BK virus associated nephropathy has been associated with serious outcomes, including deteriorating renal function and renal graft loss.
Patients treated with cyclosporine and sirolimus (the active ingredient contained in Rapamune) were reported to have higher serum creatinine levels and lower glomerular filtration rates when compared to patients treated with cyclosporine and placebo or azathioprine controls. The rate of decline in renal function in these studies was greater in patients receiving sirolimus and cyclosporine compared with control therapies.
In patients with delayed graft function, sirolimus may delay recovery of renal function.
Renal side effects have included BK virus associated nephropathy, nephrotic syndrome, higher serum creatinine levels, and lower glomerular filtration rates.

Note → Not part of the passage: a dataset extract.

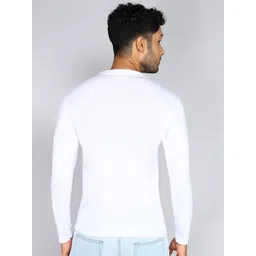 Fleximaa Men 2 V-Neck Pure Cotton Applique T-shirt image 4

The underlying mechanism for severe eyelid edema is unknown.
Ocular side effects including severe eyelid edema have been reported.
Hepatic side effects including hepatotoxicity and hepatic artery thrombosis have been reported. Abnormal liver function tests including increased AST/SGOT, increased ALT/SGPT, hypophosphatemia and hyperglycemia have also been reported.
Hypersensitivity side effects including anaphylactic and anaphylactoid reactions, angioedema, and hypersensitivity vasculitis, have been reported.
Other side effects including lymphedema, tuberculosis, and incisional hernia have been reported. A case of unilateral upper extremity edema has also been reported.
Oncologic side effects have been reported in animal studies including lymphoma, hepatocellular adenoma and carcinoma, and testicular adenoma.
Endocrine side effects have included increased basal and stimulated insulin levels in vitro and insulin content in vitro regardless of culture duration.